To compare the classification performance of each of these methods, short‐read data were simulated from the reference database using wgsim ( https://github.com/lh3/wgsim) for 10, 50, or 100 randomly selected taxa with five rounds of repetition. Reads were classified to lowest common genus and order. In general, Centrifuge has a higher true‐positive rate or sensitivity than the other two methods (Fig. 3). That is, Centrifuge correctly identified more of the known taxa in nearly every case than did Kraken or MegaBLAST. However, Kraken appears to be generally more conservative (Fig. 3), having the highest precision (fewest false positives relative to total classifications made).
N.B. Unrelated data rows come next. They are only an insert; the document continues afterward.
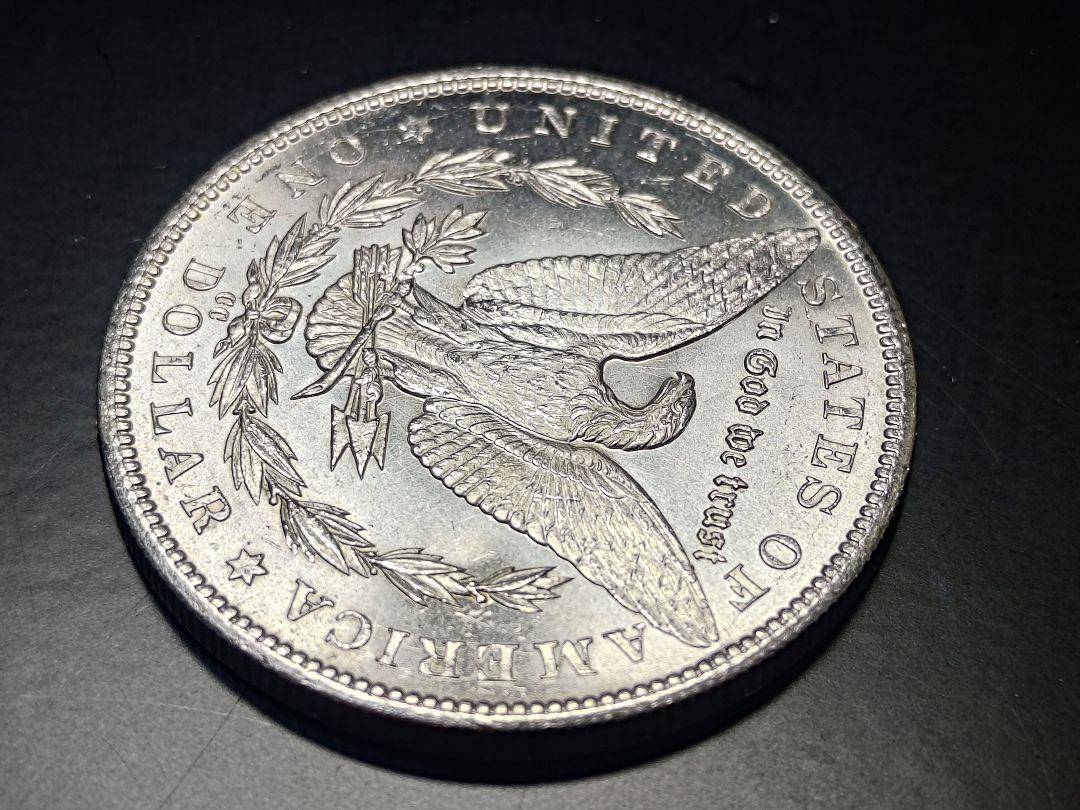 K*3様 Morgan Dollar モルガンダラー 1884 CC カーソンシ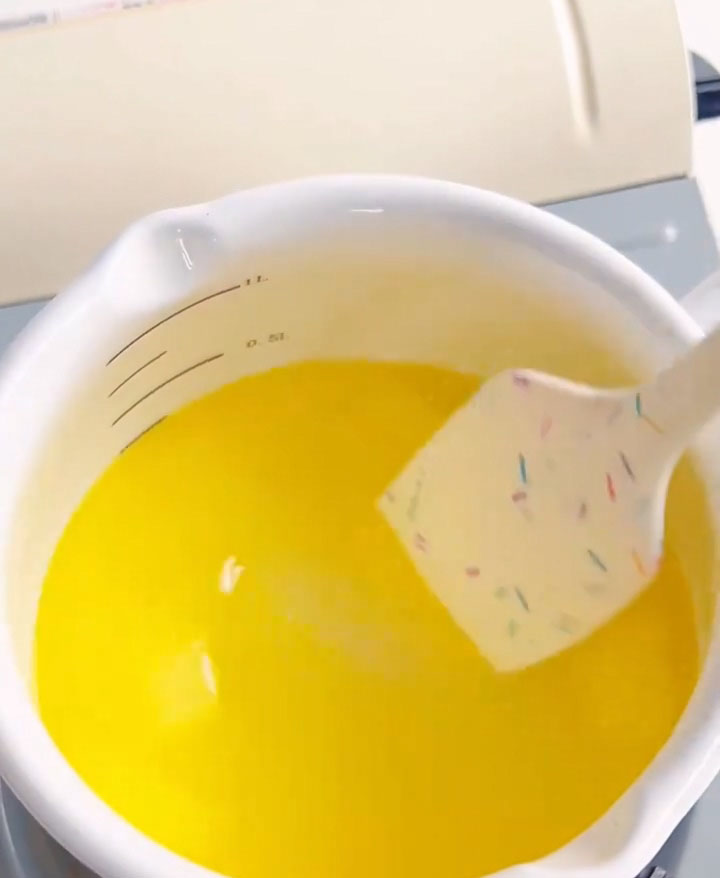 In a medium saucepan, combine the butter, granulated sugar, and water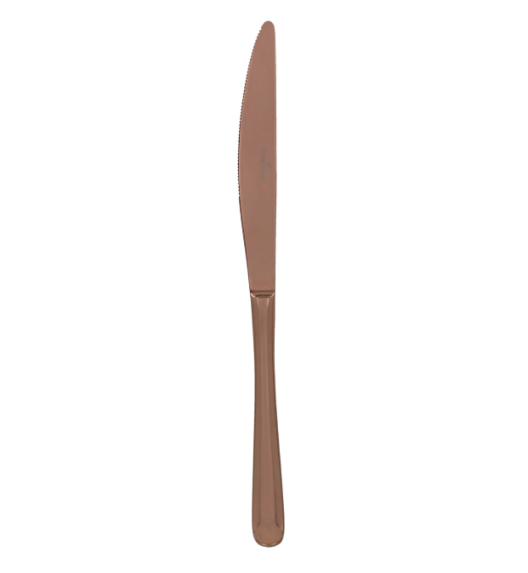 ZWIEGER VESPER COPPERY Sztućce komplet 24 elementy dla 6 osób / miedziane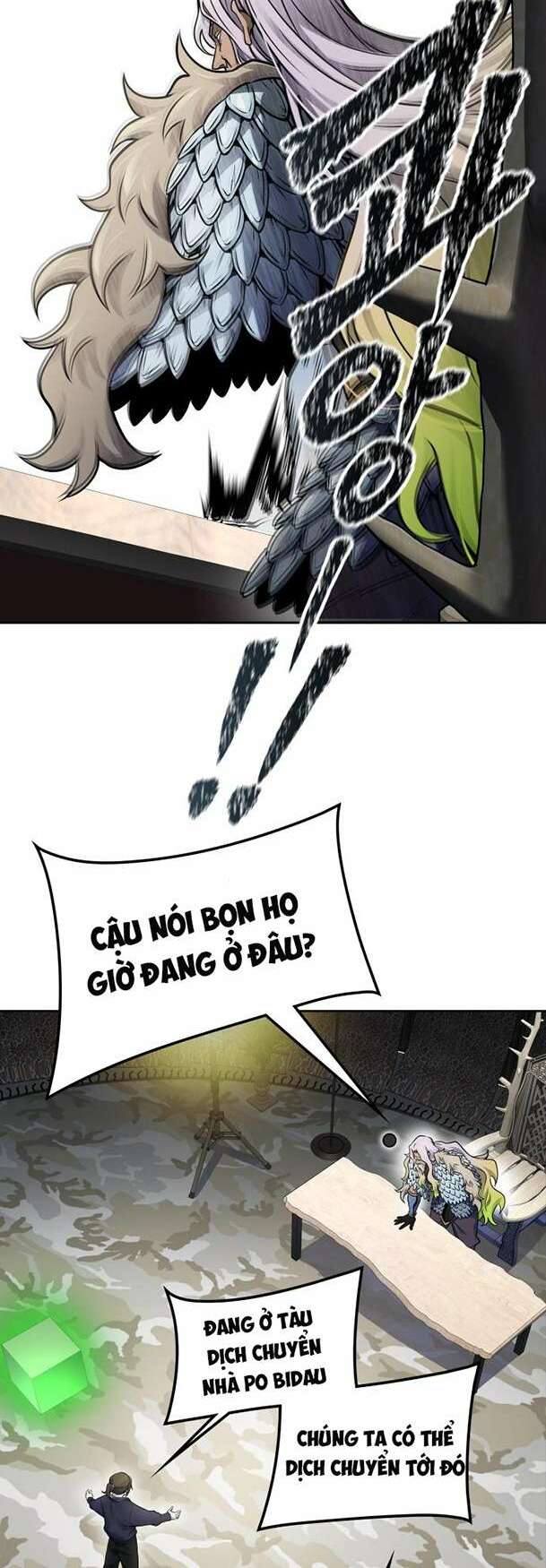 cuộc chiến trong tòa tháp chapter 591 110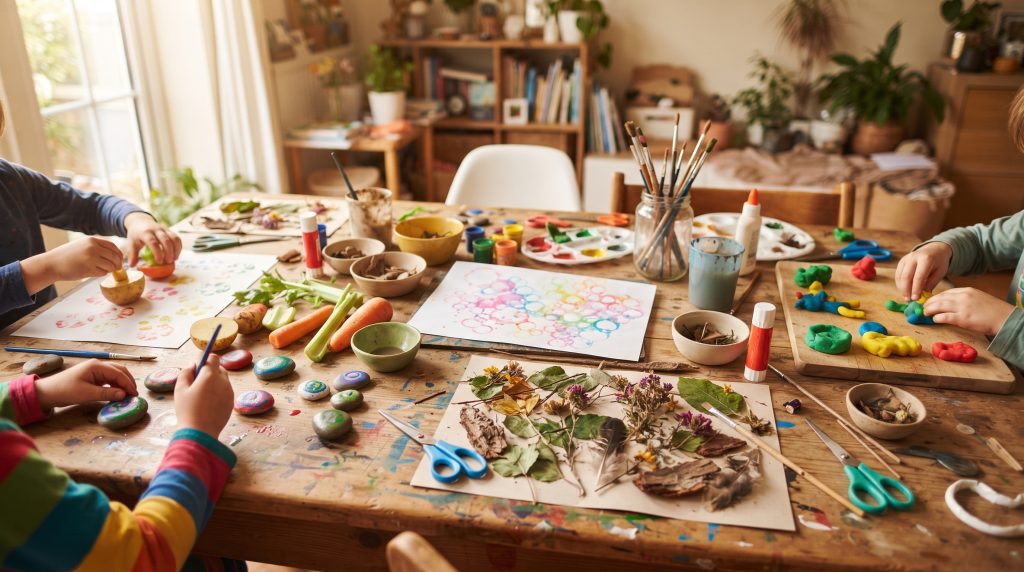 15 activités artistiques préférées des enfants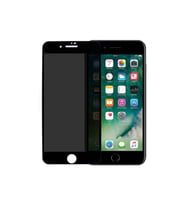 Iphone 6s Plus 6d Kavisli Temperli Hayelet Ekran Koruyucu (renk -siyah) Kırılmaz Cam iPhone 6S Plus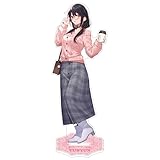 KADOKAWA 『この素晴らしい世界に祝福を！』誕生祭2023 描き下ろしアクリルスタンド ゆんゆん 本体/約H14.3×W8.6cm、台座/約4×W4.8cm アクリル樹脂製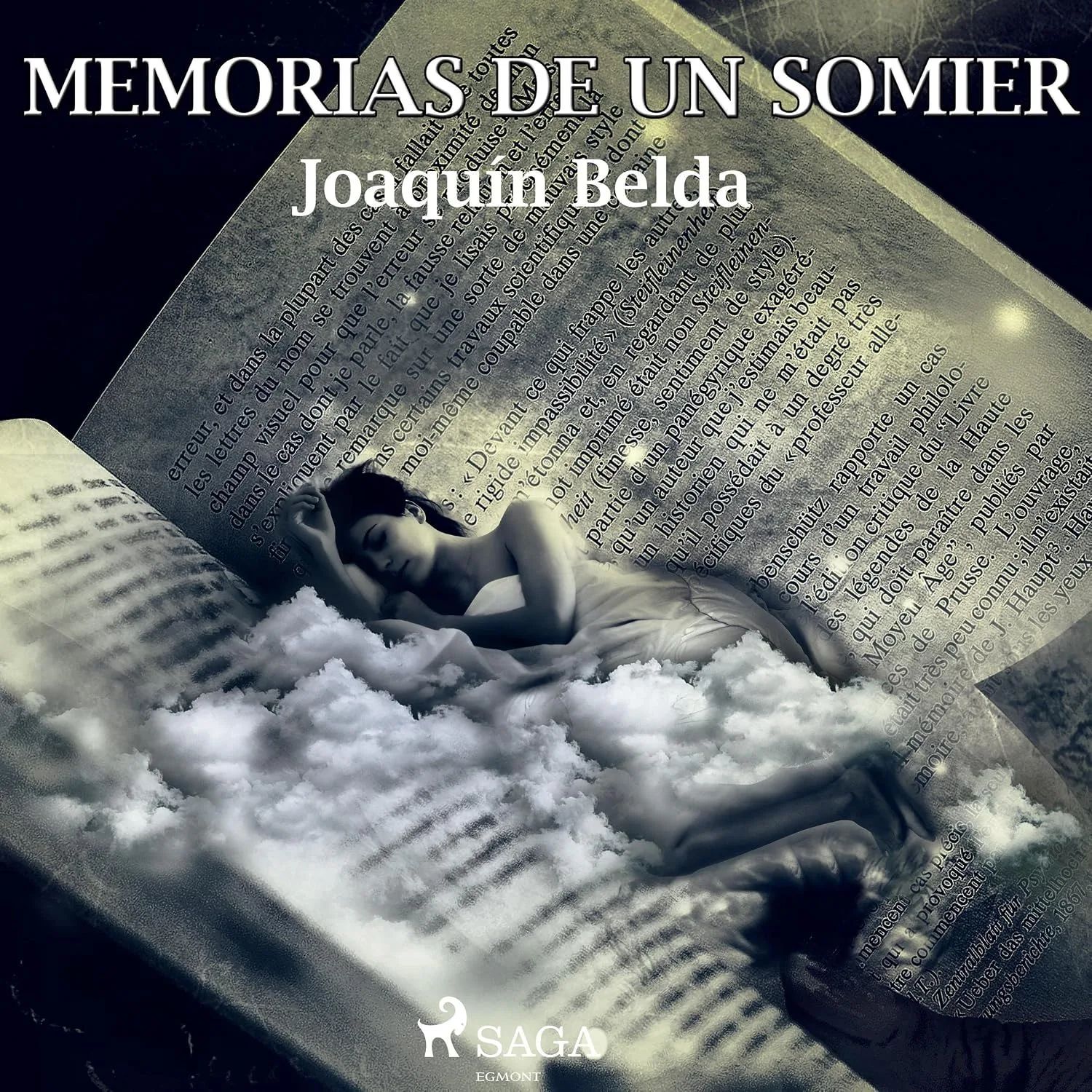 Portada de Memorias de un somier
MegaBLAST ranked lowest in all of these tests, with relatively high rates of false positives and low rates of true positives.

Figure 3.

Figure 3

Plant community metagenomics simulation taxonomic classification performance. Metagenomic data simulated from data for 10, 50, or 100 species (×5 repetitions each) were analyzed by Kraken, Centrifuge, and MegaBLAST. Performance was measured by the sensitivity (true‐positive rate [TPR = TP/(TP + FN)]) for classifications made to genera (A) and orders (B), and by precision (positive predictive value [PPV = TP/(TP + FP)]) for classifications made to genera (C) and orders (D). Accuracy for all instances is close to 1 and is not shown here because there are >100,000 taxa represented in the reference database and the vast majority are predicted to be absent in all samples. TP = true positive; FP = false positive; FN = false negative.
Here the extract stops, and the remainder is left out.